Ao “shemá”, que o fariseu esperava ouvir, Jesus sugeriu um outro trecho da Escritura que diz: «…Não te vingarás, nem guardarás ira contra os filhos do teu povo; mas amarás o teu próximo como a ti mesmo» (Lev. 19,18), mas citou apenas a segunda metade do trecho: «amarás o teu próximo como a ti mesmo». Ora, é preciso saber que as palavras que Jesus indicou como palavras “agradáveis” a Deus (aquelas que citamos) são as últimas de uma série de mandamentos expostos ao negativo, todos eles com esta forma: «Não farás, oprimirás, não amaldiçoarás… etc.». Desse modo Jesus deu aos fariseus e a todos nós uma valiosa indicação: mais do que evitar isto ou aquilo, mais do que combater um limite ou defeito, mais do que lutar contra uma ou outra tendência negativa que encontramos em nós mesmos e em nossos instintos, é melhor e mais eficaz aprender a amar a Deus com a atitude própria de quem Lhe consagra o seu coração. Sem dúvida, isso é mais agradável a Deus e dá melhor resultado do que ficar combatendo isso ou aquilo. Quando aprendemos o verdadeiro sentido da Lei, quando sabemos o que significa colocar Deus como prioridade amorosa, então descobrimos que, lentamente, um a um, passo a passo, os limites que descobrimos na nossa vida, as incoerências, os medos etc. tudo vai desaparecendo, porque o amor a Deus e o amor de Deus tomam conta do nosso “homem total”.

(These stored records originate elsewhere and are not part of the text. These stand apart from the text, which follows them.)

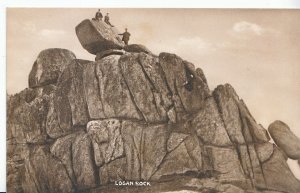 Cornwall Postcard - Logan Rock - Showing Three Men on The Top   BH3657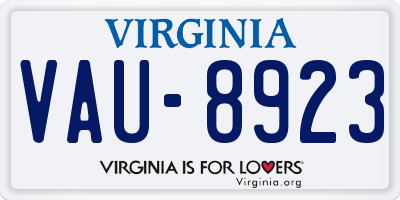 VA license plate VAU8923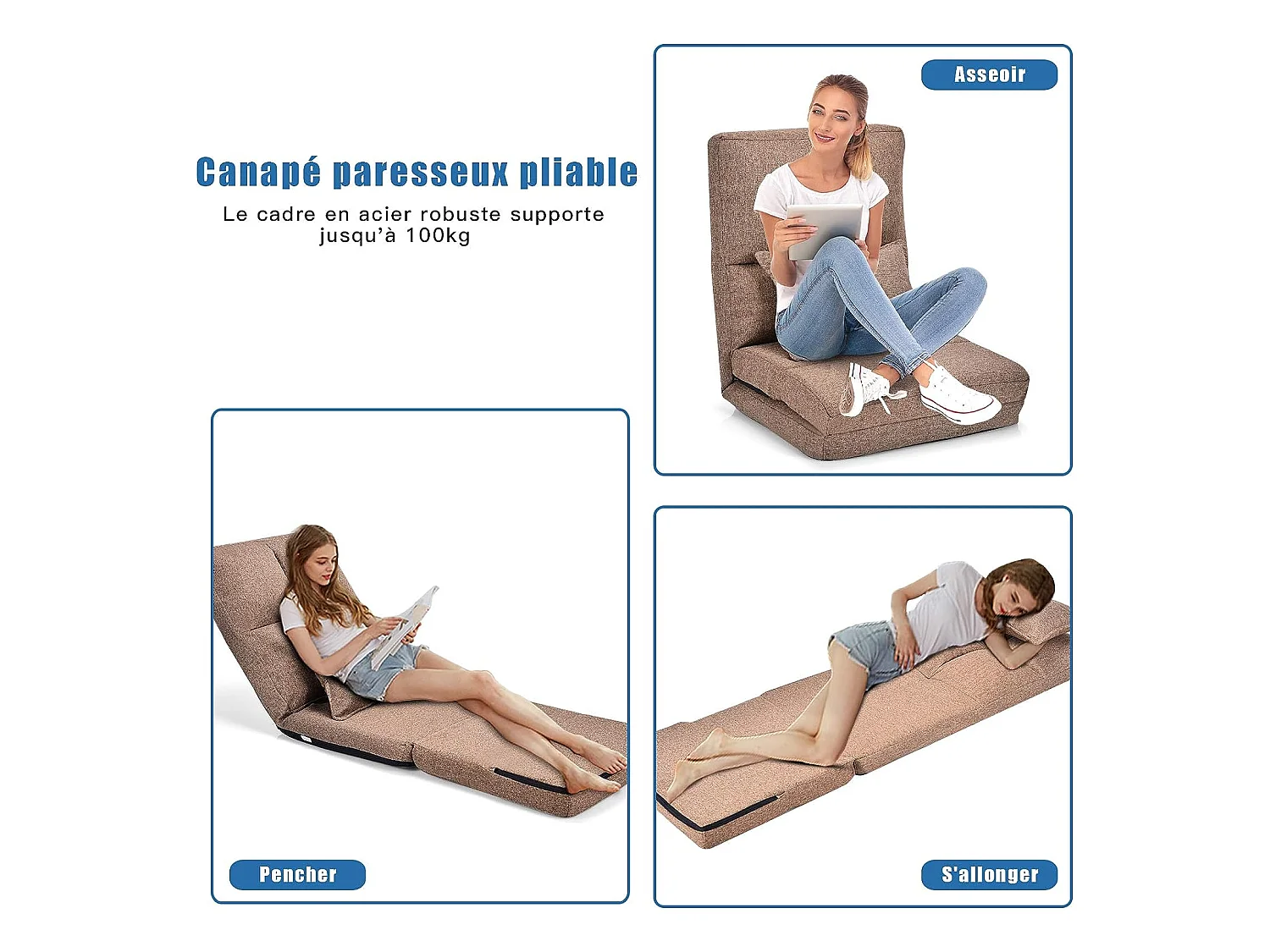 Chaise longue réglable fauteuil relax de sol matelas pliant, canapé paresseux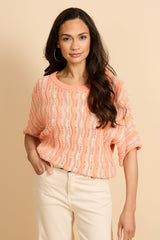 Gwenore top | Warm Coral/Wool White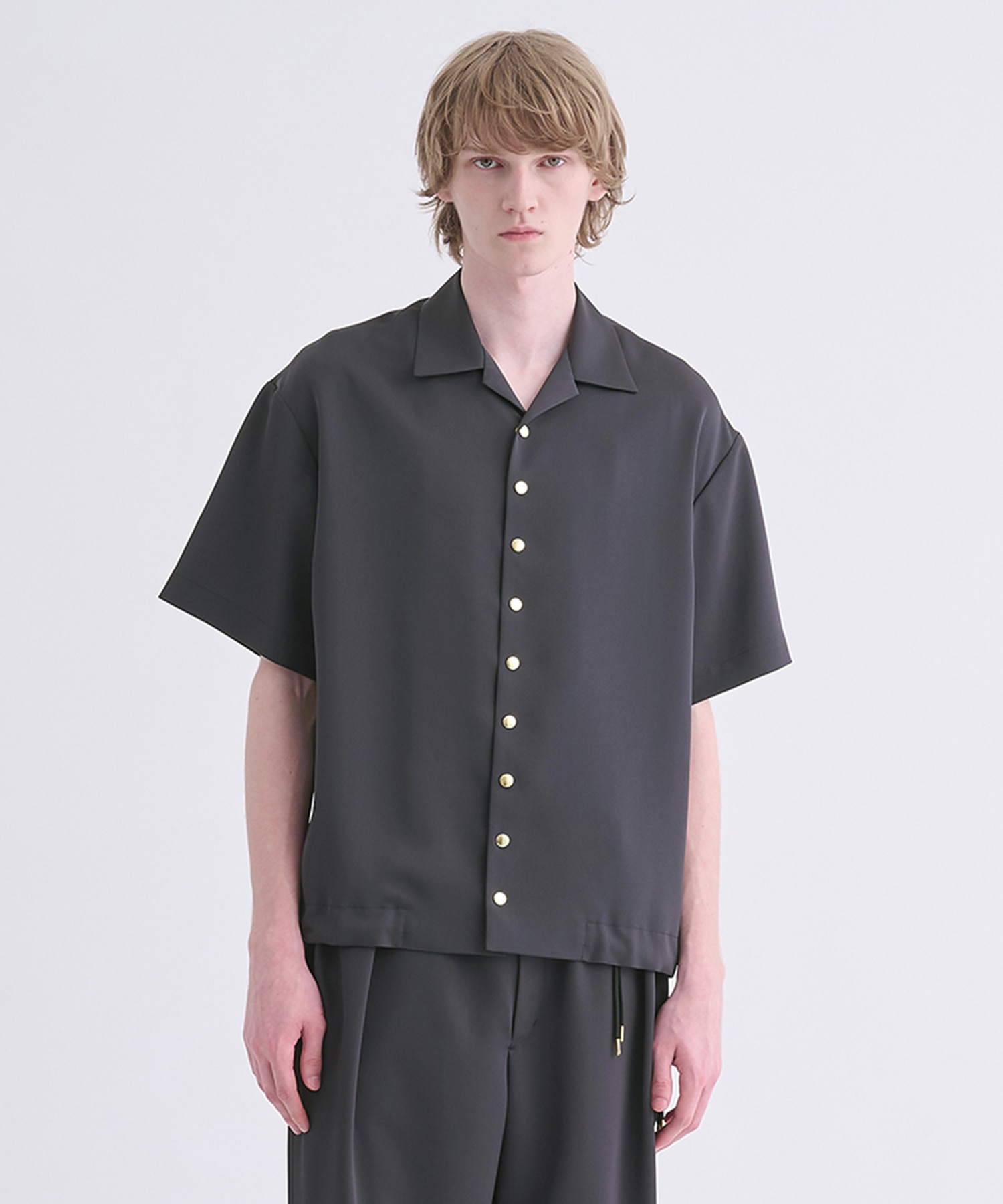 Dry Stretch Twill Drawstring Open Coller Short Sleeve Jaket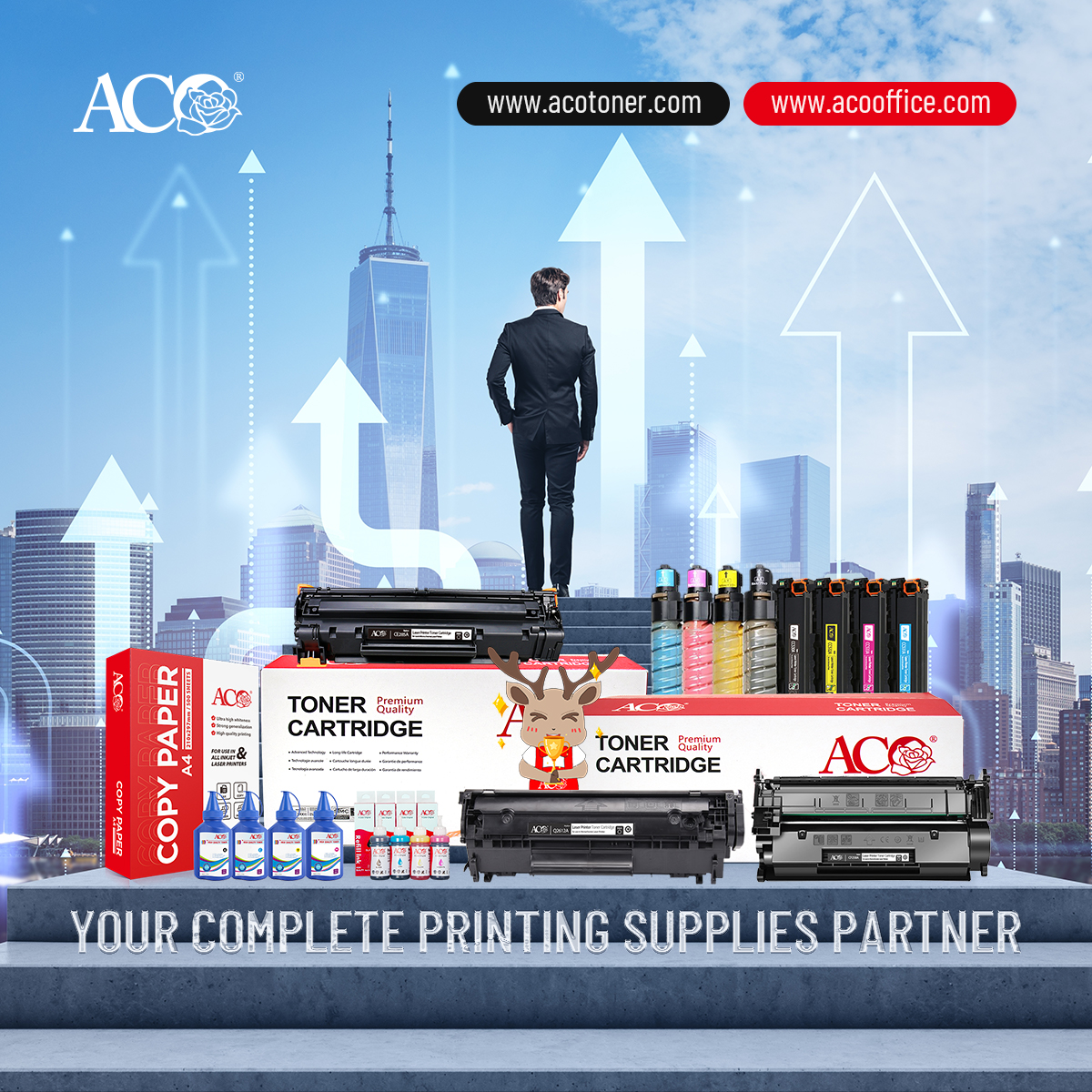 ACO printing supplies ecosystem featuring toner cartridges, refill ink bottles, and A4 copy paper displayed with city skyline background and upward growth arrows, representing global B2B printing supply partnership and business growth.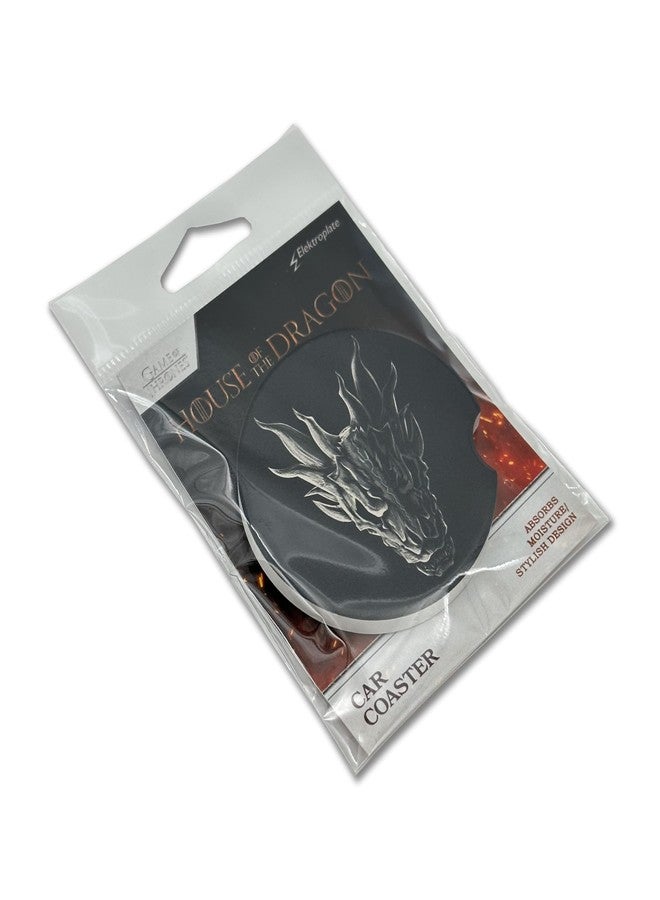 Elektroplate قواعد أكواب سيراميكية للسيارات من إليكتروبليت، مرخصة رسميًا من هاوس أوف ذا دراغون، بتصميم جمجمة باليريون (قطر 2.6 بوصة) | مناسبة لجميع أنواع السيارات والشاحنات وسيارات الدفع الرباعي وغيرها | ماصة للماء، مانعة للانزلاق، متينة | طقم من قطعتين - Image 4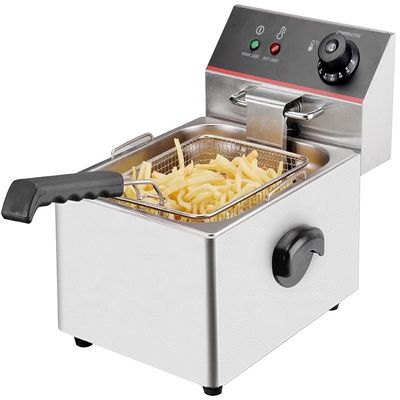 Tubos de calefacción eléctricos 6L de acero inoxidable Máquina de fritas francesas Fritadora comercial de papas fritas
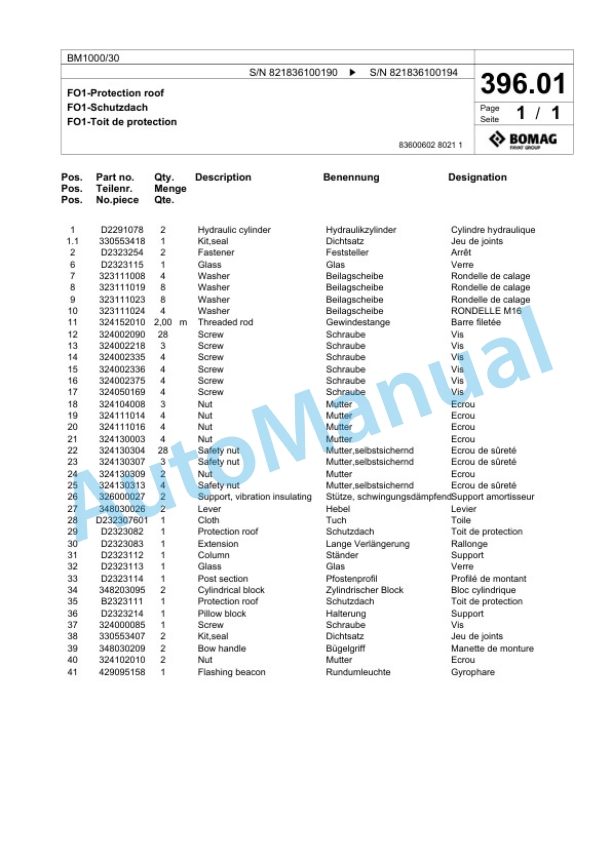 Bomag BM 1000-30 Cold Milling Planer Spare Parts Catalogue 00800605 3 Bomag BM 1000-30 Cold Milling Planer Spare Parts Catalogue 00800605-3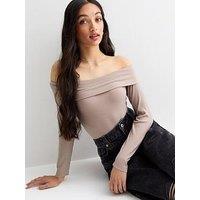 New Look 915 Girls Camel Long Sleeve Ribbed Bardot Top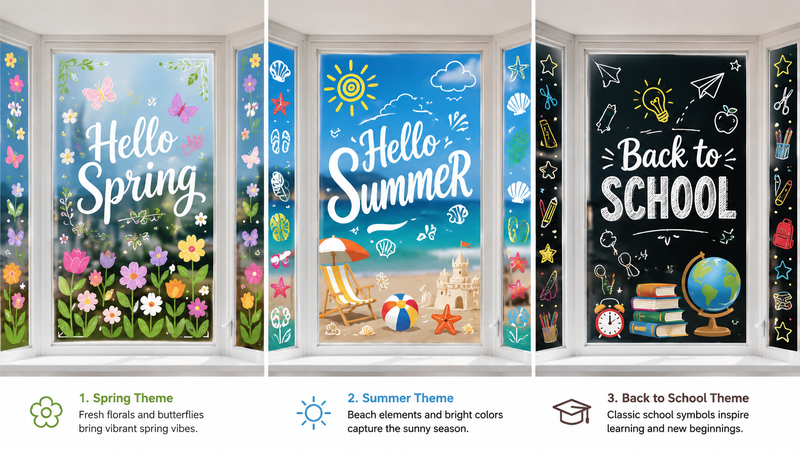 Multi-theme window clings showing birthday, seasonal, and festive designs with vibrant colors and decorative details.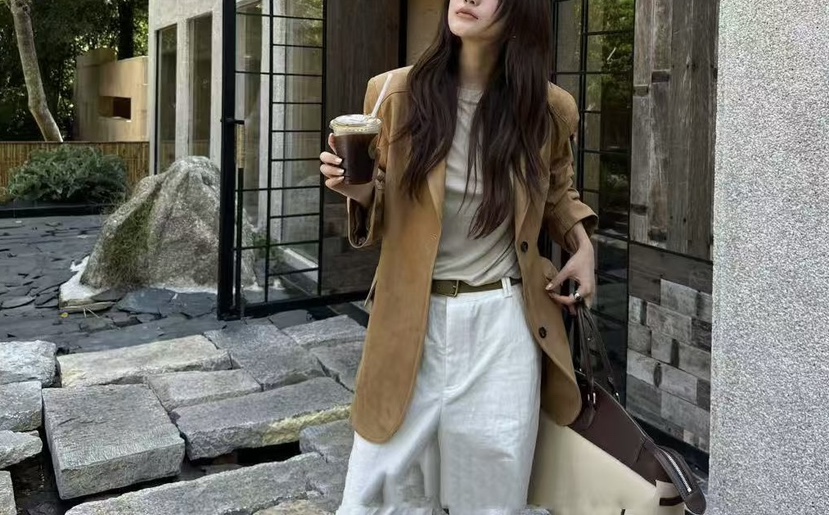 BYME韓國代購㊣女士新款25秋冬時尚熱賣推薦夾克倫敦絨面革BYME夾克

Quantas vezes pode acontecer que, na tentativa de vencer um nosso defeito ou pecado, acabamos fazendo desse mesmo defeito o nosso “deus”! E que esse problema acaba ocupando todas as nossas atenções, a nossa mente, as nossas forças! O homem que se dá plenamente a Deus, dá a Ele o coração inteiro e dá também todos os defeitos e limites, não pensa mais em si mesmo, pois é Ele, o Senhor, o libertador de Israel e, diremos nós, o Redentor. Deixemos, então, que o Senhor seja o “Redentor do homem”, entreguemos a Ele a totalidade de nós mesmos, peçamos que nos mostre como e até que ponto se pode amar, e o resto o próprio amor curará.